For nearly three hours the boat wound in and out this ghastly labyrinth of swamp and bayou and jungle. It was certain now that the enemy was somewhere in the delta, but it seemed to Lockwood that anybody with the slightest cunning need never be caught in that place at all.
The other men, bred on the Alabama as they were, were almost as much at a loss as himself. Not one of them had ever explored the delta so deeply; perhaps no other white man’s boat at all had threaded it so far. Time and again they had to turn back; continually they diverged into fresh, mysterious tangles. They came out once more into the Alabama, went clear around the tip of the “delta” and some way up the Tombigbee, then cut into a wide, briskly flowing stream that seemed to connect the two rivers.
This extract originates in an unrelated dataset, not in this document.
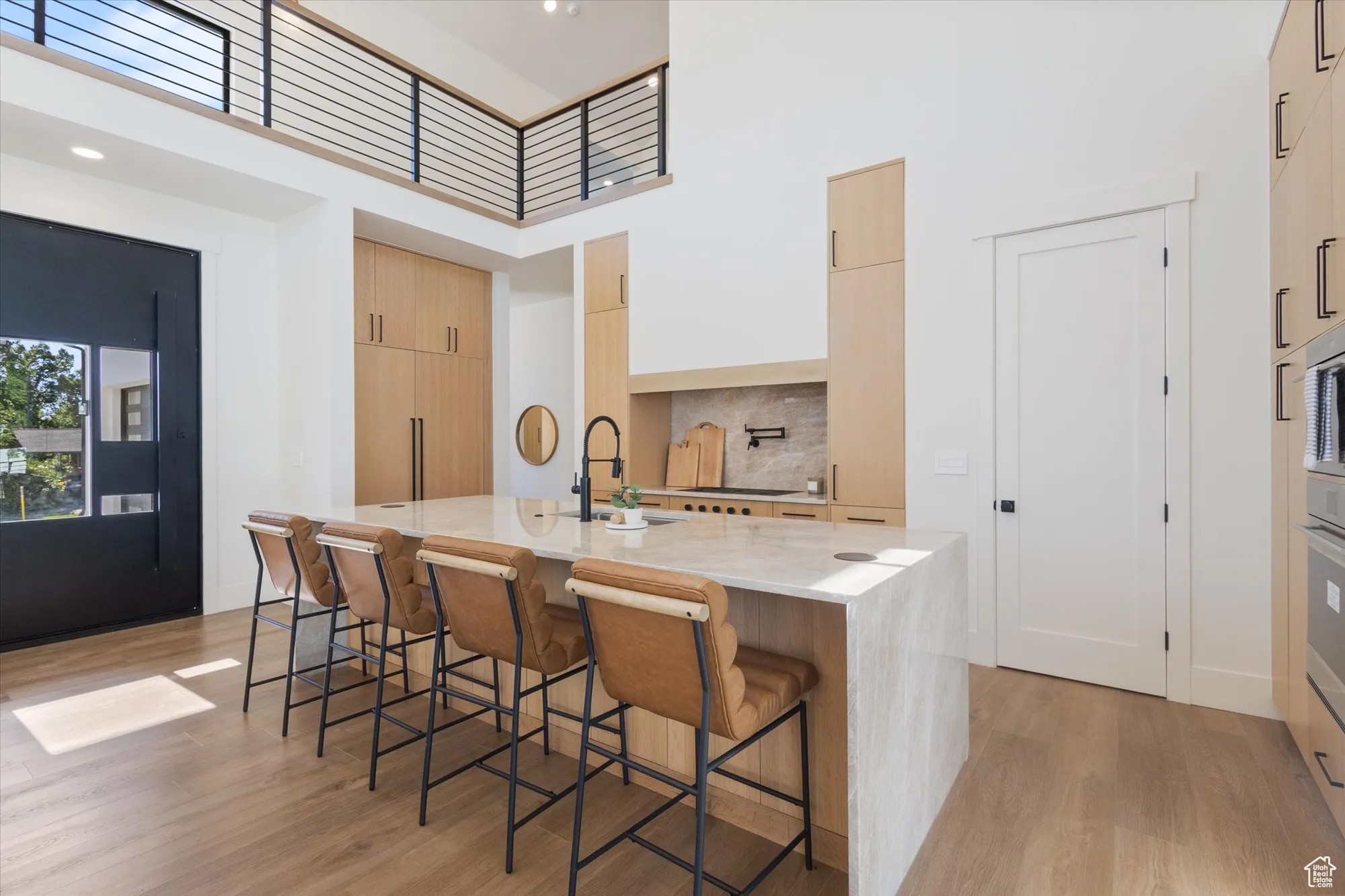 Kitchen with modern cabinets, a towering ceiling, light wood finished floors, a kitchen bar, and light stone countertops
It really brought them to the Alabama again. A bayou diverged from it parallel to the latter river, a hundred feet of swamp between them. The bayou crooked like an elbow; it was impossible to see far, and Tom steered the boat into it. Both banks were grown up with thickets of titi and bay tree, tangled with rattan and trumpet flower, and they thumped slowly down the muddy water, peering ahead to see around the bend.
They were just at the tip of the elbow, when Ferrell threw up his arm, pointing at the shore alongside.
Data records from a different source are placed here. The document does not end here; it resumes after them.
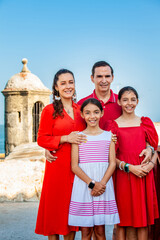 Young family of four traveling together. Family love concept. Travel concept. Cartagena de Indias.
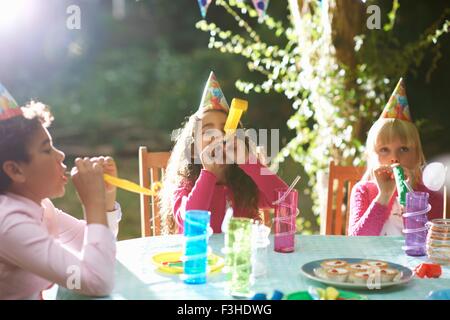 Jungen und Mädchen bläst Partei Hörner auf Garten Geburtstagsparty Stockfoto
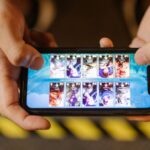 Mãos seguram um smartphone na horizontal durante uma sessão de jogo móvel.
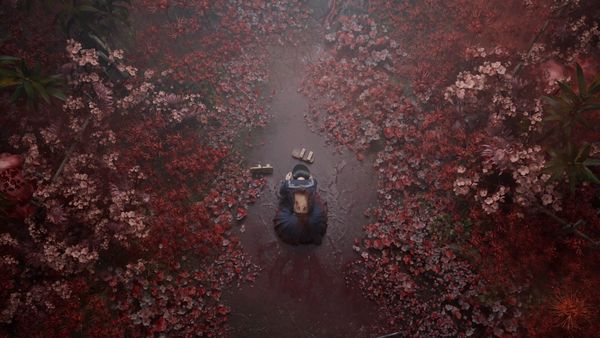 The main character in Silent Hill F collapses to the ground in a field of flowers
“What’s that yonder?” he yelled. “Stop her—it’s——”
Lockwood’s startled eye caught the loom of something gray and houselike behind the screen of shrubbery. He saw the unmistakable varnished glimmer of the motor boat; and then all the greenery suddenly spurted smoke.
The air was full of a whiz and tingle. One—two bullets ripped the boat’s side. The Fenway boy reeled over, clutching his arm that ran blood. Ferrell let off both barrels of his shotgun wildly, and Tom, putting on full speed, ran ahead out of the storm and down the bayou. Dropping revolver shots followed them, falling astern. A hundred yards down Power eased the boat, drawing close inshore for shelter.
“Well, we’ve done found ’em!” he said grimly.
The boat had two holes through her, but Fenway was the only casualty. His was not a serious wound, but it was his right arm, and he was henceforth out of the fighting.
“They’d ’a’ let us run right by ef we hadn’t seen ’em,” said Ferrell. “Just one second, I seen the boat plain.”